Aquele período forjou caráter antes de forjar técnica. A gente não tinha glamour, não tinha segurança, não tinha marketing. Era luta de verdade — sobrevivência, honra e respeito. Como atleta, me tornei completo, resistente física e mentalmente. Como homem, aprendi responsabilidade, humildade e a entender que o verdadeiro adversário é você mesmo.

Quem passou por aquela era aprendeu a lidar com pressão extrema, medo e dor — e isso vale para a vida inteira, não só para o esporte. Sou muito grato aos mestres que fizeram parte da minha trajetória: os grão-mestres Luiz Alves, Osvaldo Alves e João Ricardo, e, na Holanda, Thon Haring, Peter Veschurren e Milton Felter.

2) Comparando os atletas da década de 90 com os lutadores atuais do MMA, o que mudou de verdade — e o que, na sua visão, se perdeu ou ainda faz falta hoje?

Mudou muito a preparação. Hoje o atleta é mais científico, tem estrutura, nutrição, equipe multidisciplinar e um jogo mais estratégico. Isso é evolução, sem dúvida.

Mas, em muitos casos, se perdeu a essência: a fome, a dureza mental, a capacidade de suportar o caos. Na nossa época, não existia plano B. Hoje vejo atletas tecnicamente excelentes, mas que quebram quando a luta sai do roteiro. Falta, às vezes, aquele espírito bruto de guerreiro que a necessidade criava naturalmente nos anos 90.

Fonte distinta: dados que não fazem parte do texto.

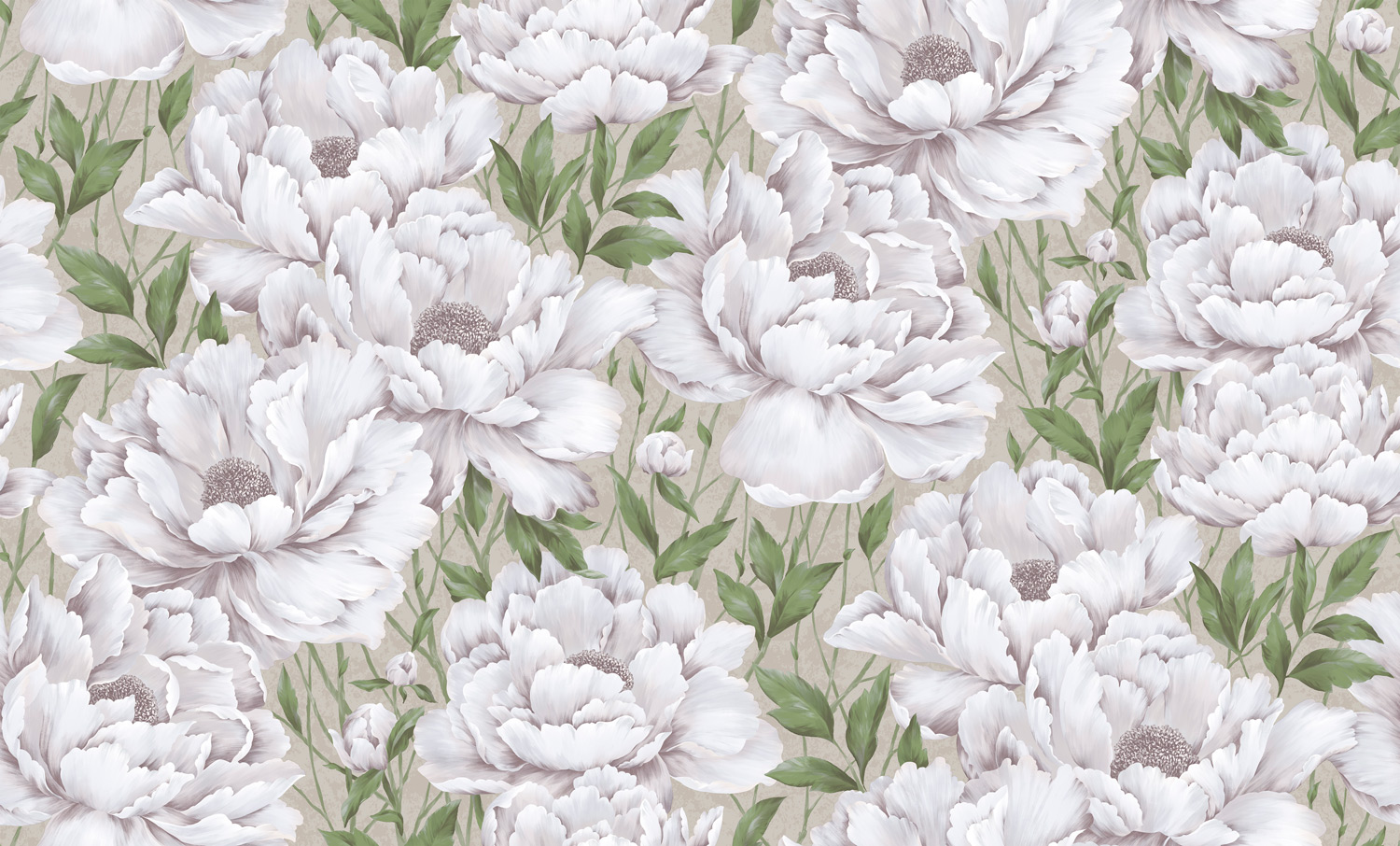 Новая коллекция Oasis от фабрики "Индустрия"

3) Se Artur Mariano estivesse hoje ativo, competindo no MMA moderno, que tipo de adversário você gostaria de enfrentar para se testar nessa nova era?

Sempre gostei de desafios reais, nunca de lutas fáceis. Gostaria de enfrentar um atleta completo, bem ranqueado, que representasse essa nova geração — alguém forte no wrestling, disciplinado, mas que aceitasse trocar.

Não penso em um nome específico, penso em perfil. Alguém que me obrigasse a usar tudo o que aprendi no muay thai, no vale-tudo e na vida. Lutei desde 66 kg até o peso pesado na minha carreira. Hoje, pela estatura e pelos cortes de peso atuais, provavelmente competiria entre 78 kg e 84 kg. Luta boa é aquela que te tira da zona de conforto — essas são as melhores.

4) Existe uma “luta dos sonhos” que você gostaria de ter feito e que, por algum motivo, não aconteceu?

Existem algumas, sim. A revanche com Wanderlei Silva seria uma grande guerra. Ela quase aconteceu logo depois da primeira luta, mas não houve acordo financeiro. Tenho enorme respeito pelo Wanderlei — ele é um monstro sagrado do MMA.

Já nos encontramos algumas vezes, inclusive no Japão, sempre de forma amigável. Aprendi a não carregar frustração. A luta que não aconteceu abriu espaço para um legado maior: formar campeões, construir uma escola e deixar uma marca no esporte. Às vezes, o que não acontece dentro do ringue acontece de forma muito maior fora dele.

5) Olhando para toda a sua trajetória, qual você considera sua maior conquista: dentro do cage ou fora dele, como treinador e formador de campeões?

Tenho ótimas lembranças de terminar minha carreira invicto no muay thai e de ter sido campeão do Grand Prix do IVC 2. Isso faz parte da minha história. Mas, sem dúvida, minha maior conquista está fora do cage.

As vitórias como atleta acabam quando o braço baixa. O que fica é o que você constrói nas pessoas. Ter formado campeões mundiais, alavancado carreiras, contribuído com a Confederação Brasileira de Muay Thai, criado uma metodologia, fundado a Champions Factory e impactado vidas no Brasil e no mundo é o que mais me orgulha.

O verdadeiro campeão é aquele que cria outros campeões — no esporte e na vida.

“Gostaria de agradecer à RTI Esporte e a você, Rafael Luna, pela oportunidade de falar da minha carreira neste ambiente tão especial que vocês constroem.”